---------- Extracted entries ----------

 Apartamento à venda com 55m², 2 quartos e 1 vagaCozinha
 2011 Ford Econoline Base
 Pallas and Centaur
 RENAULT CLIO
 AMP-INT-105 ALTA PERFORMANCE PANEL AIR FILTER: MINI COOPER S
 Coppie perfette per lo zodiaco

----------
---------- Extracted entries ----------

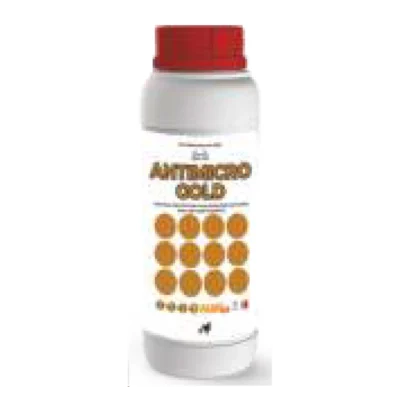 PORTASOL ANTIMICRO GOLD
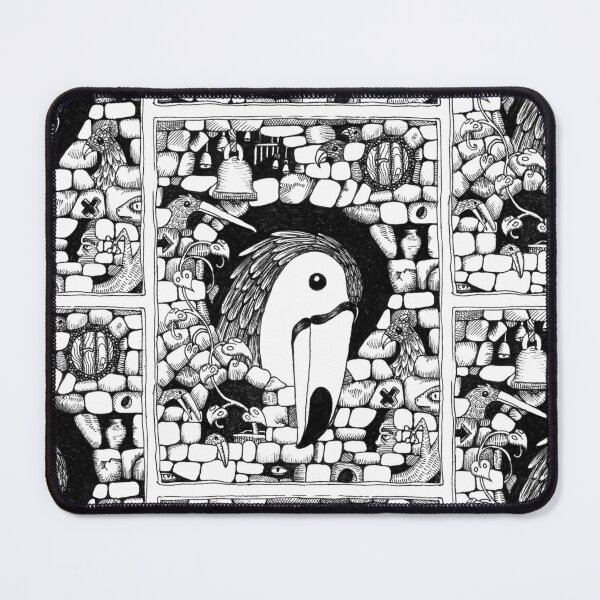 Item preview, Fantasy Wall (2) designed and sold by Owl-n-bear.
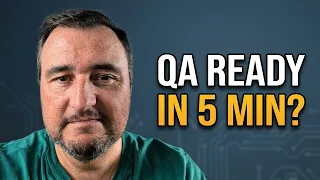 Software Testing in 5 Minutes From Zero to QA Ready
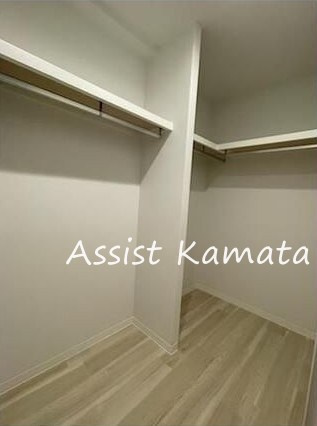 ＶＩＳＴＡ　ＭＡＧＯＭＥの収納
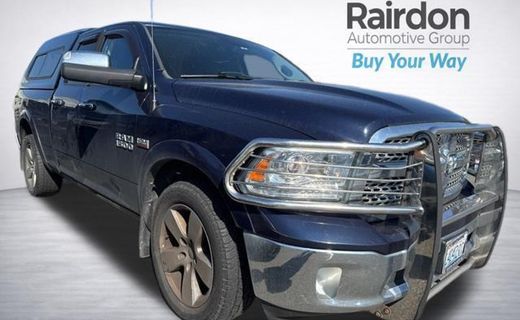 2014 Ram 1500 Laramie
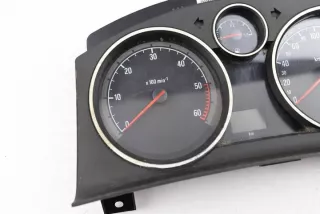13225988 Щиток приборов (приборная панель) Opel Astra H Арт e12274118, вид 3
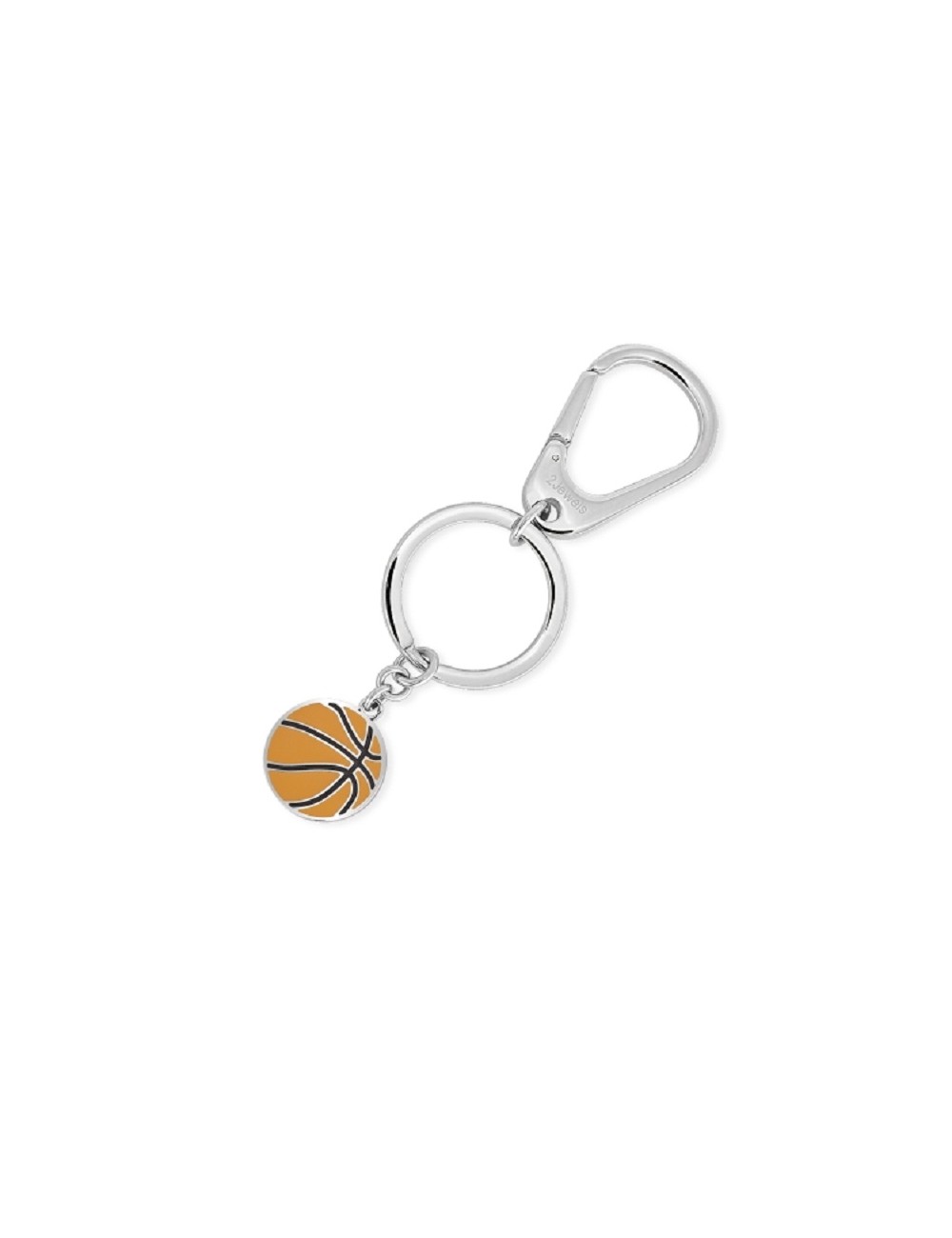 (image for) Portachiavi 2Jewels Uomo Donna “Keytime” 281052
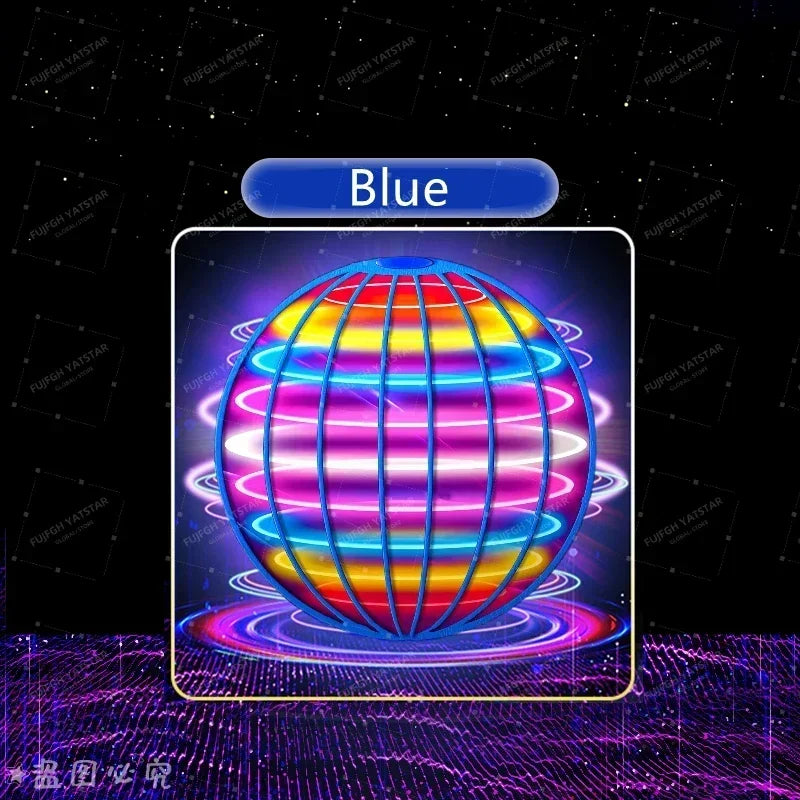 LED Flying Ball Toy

----------
---------- Extracted entries ----------

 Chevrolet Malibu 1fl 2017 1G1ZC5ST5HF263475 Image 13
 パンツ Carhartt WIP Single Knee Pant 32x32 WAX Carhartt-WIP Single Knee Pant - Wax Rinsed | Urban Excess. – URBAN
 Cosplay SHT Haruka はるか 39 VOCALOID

----------

Problem to solve -> Starting with the line that contains "13225988 Щиток приборов" and finishing with the line that contains "LED Flying Ball Toy", reproduce every line of the material above exactly, but not the pictures.

Reply to the exercise ->
13225988 Щиток приборов (приборная панель) Opel Astra H Арт e12274118, вид 3
 (image for) Portachiavi 2Jewels Uomo Donna “Keytime” 281052
 LED Flying Ball Toy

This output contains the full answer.